1

So my use-case is this - I need to parse 800,000 files in an S3 bucket, extract the data I need, and then read it into a SQLite database.

I tried looping over them and then individually writing into the DB each time, but this was taking too long (over 36 hours passed and I wasn't even 40% done).

So my next approach is to loop over the 800k files, extract the data I need, and then write the intended output as a .txt file. This is so I can then simply run this giant .txt file as SQL and read in the necessary rows.

This is the premise:

# First, I create a .txt file that houses the queries I want,

query = f"insert into table_abc values ({abc})"

with open("sql_queries.txt", "a") as file_object:
                file_object.write(query+"\n")
# Then, I execute the queries within this .txt file to read them into my db.

import sqlite3

conn = sqlite3.connect("example.db")

c = conn.cursor()

with open("sql_queries.txt") as sql_file:
    sql_as_string = sql_file.read()
    c.executescript(sql_as_string)

The problem of course is the fact that there are always characters that end up not being escaped or properly sanitized. Is there any way to insert parameterized queries into my text file instead, so that when it's run, it doesn't run into problems like OperationalError: unrecognized token: "^".
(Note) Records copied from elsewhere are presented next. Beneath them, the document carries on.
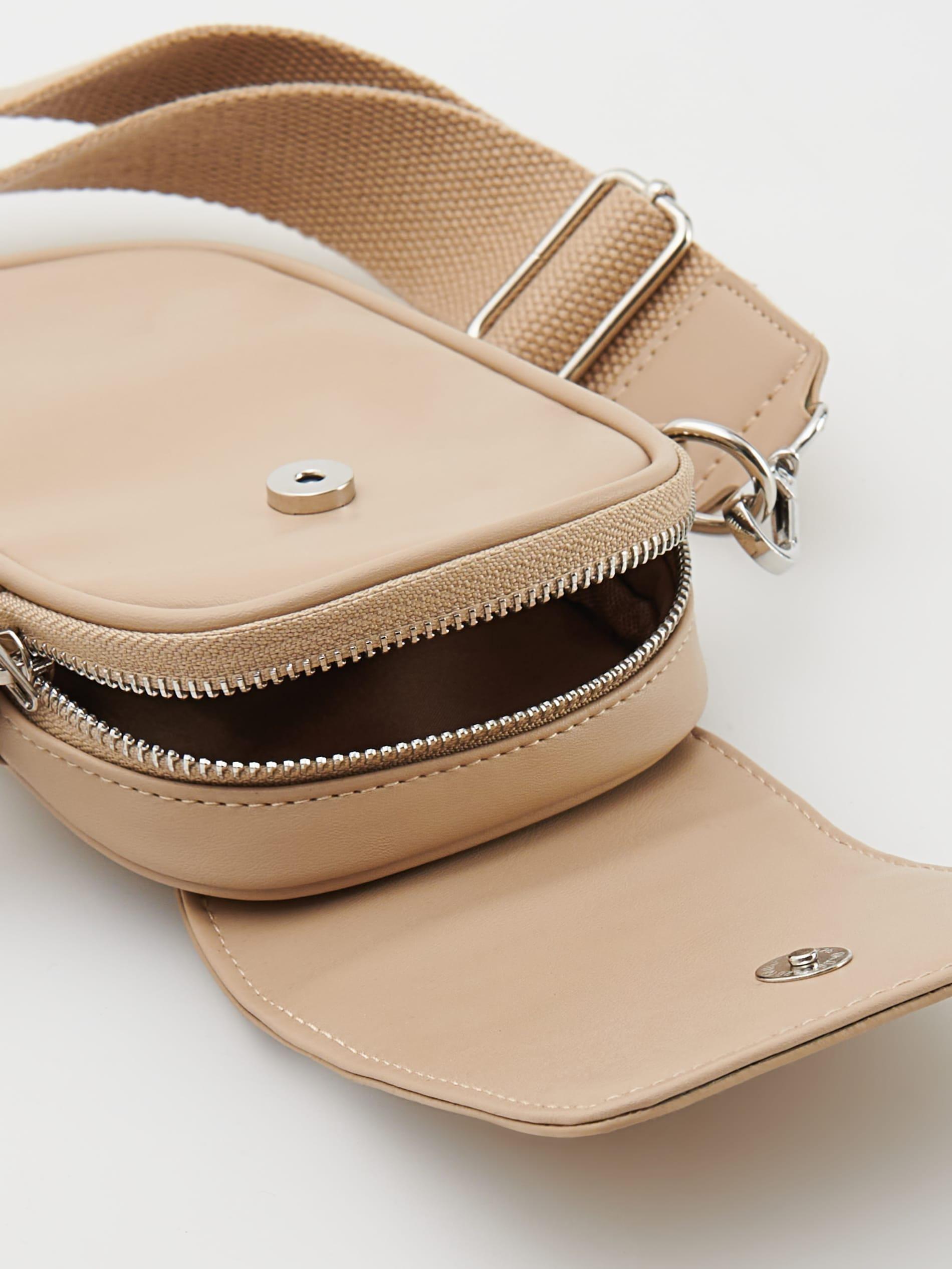 Beige Bumbag With Patch , Kids Girls, Beige, large image number 2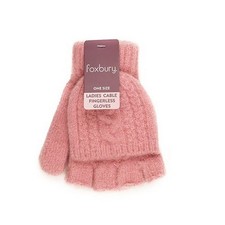 Foxbury Kabel Fingerlose Handschuhe f&uuml;r Damen (1887)
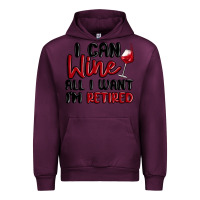Mauve Wine i can wine all i want lm retired Urban Hoodie - MaliasSmallBusiness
I know why this is happening, because my .txt file houses SQL insert queries that have characters not properly escaped, but I'm unsure how to go about building a .txt file where the queries are properly sanitized, and there doesn't seem to be much info on this outside of using parametrized queries directly in write statements.

Yeahprettymuch
  • 501
  • 5
  • 16
  • I'd concentrate on fixing whatever you're doing wrong with your first approach (Inserting each row as a separate transaction, maybe, instead of batching them together? Not using `executemany()`? etc.) – Shawn Dec 28 '20 at 10:31
  • See https://stackoverflow.com/questions/1711631/improve-insert-per-second-performance-of-sqlite (C, but parts might be applicable to python's sqlite3 bindings) – Shawn Dec 28 '20 at 10:33
  • Is this the same talbe for all queries? Have you tried using pandas? You can create one dataframe with all your data and save it to your DB with pd.to_sql No need to execute so many sql transactions – IoaTzimas Dec 28 '20 at 11:16
  • Yep, I tried pandas approach but my program ran out of memory! Hence why i figured I need another method. – Yeahprettymuch Dec 28 '20 at 11:40

0 Answers0